ISSN: 2090-4541
アデグンロイェ DV と アセフォン EO
バイオエタノール生産のための発酵培地および基質としてのミリシア エクセルサおがくずの可能性を調査しました。おがくずの発酵は 120 時間実施しました。滅菌済みおよび未滅菌のサンプル (おがくず) 500 g にそれぞれ 3 リットルの蒸留水を加え、さらにサッカロミセス セレビシエ (酵母) 4.5 g を加え、24 時間ごとに発酵を終了しました。発酵の原因となる微生物群および生物は、標準的な微生物学的手法を使用して測定しました。基質の温度、pH、滴定可能な総酸度は、120 時間毎日監視されました。 0 時間の細菌数は 7.0 × 10 3 cfu/ml でしたが、発酵の 120 時間後には0.03 × 10 3 cfu/ml に減少しました。

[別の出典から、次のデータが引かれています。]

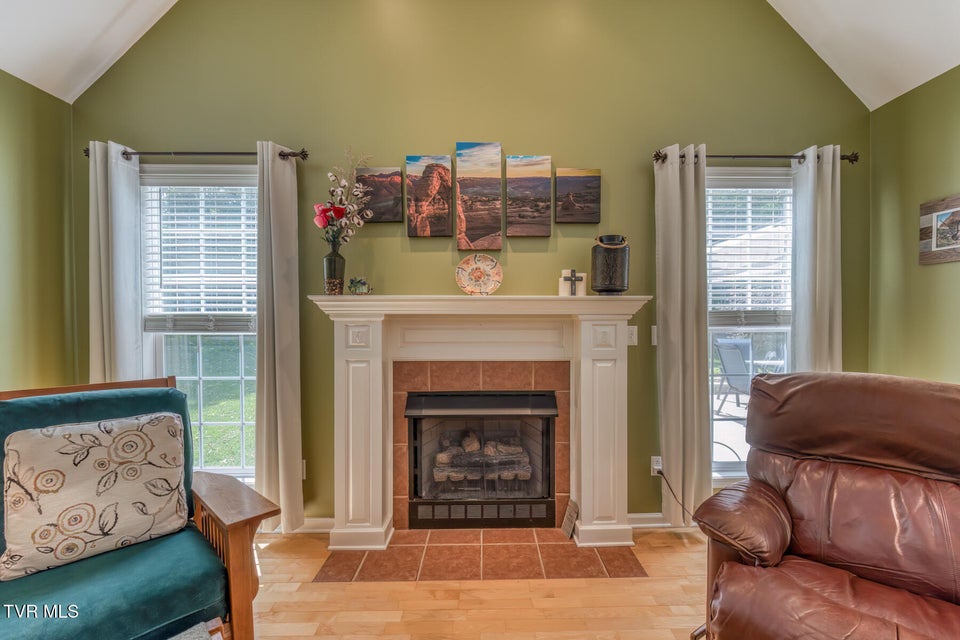 Photo #12: 620 Glen Oaks Place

一方、真菌数は 0 時間に 5.0 × 10 3 sfu/ml でしたが、120 時間後には 0.01 × 10 5 sfu/mlに減少しました。滅菌したおがくずの pH は 5.2 ~ 9.9 でしたが、滅菌していないおがくずの pH は 5.5 ~ 9.8 でした。初期の滴定総酸度は 0.001 mol/dm 3であったが、滅菌サンプルの発酵中の滴定総酸度は 0.017 mol/dm 3 から 0.005 mol/dm 3に減少し、未滅菌サンプルでは 0.023 mol/dm 3 から 0.007 mol/dm 3に減少した。発酵前に分離された細菌はStaphylococcus aureus、 Micrococcus spp 、 Actinomycetes spp であり、発酵中に分離された細菌はClostridium cellulovorans、 Bacillus spp 、Lactobacillus plantarumであった。分離された真菌はAspergillus niger、 Rhizopus spp 、Mucor mucedoおよびSaccharomyces cerevisiaeであった。発酵から生成されたバイオエタノールの収量は、滅菌サンプルでは24、48、72、96、120時間でそれぞれ105、205、295、239、163 mlで、未滅菌サンプルでは24、48、72、96、120時間でそれぞれ65、139、214、191、168 mlでした。これは、ミリシアエクセルサのおがくずの発酵からバイオエタノールを生成できることを意味しており、発酵72時間で収量が最大になり、廃棄物を有用な製品に再生し、環境汚染を軽減します。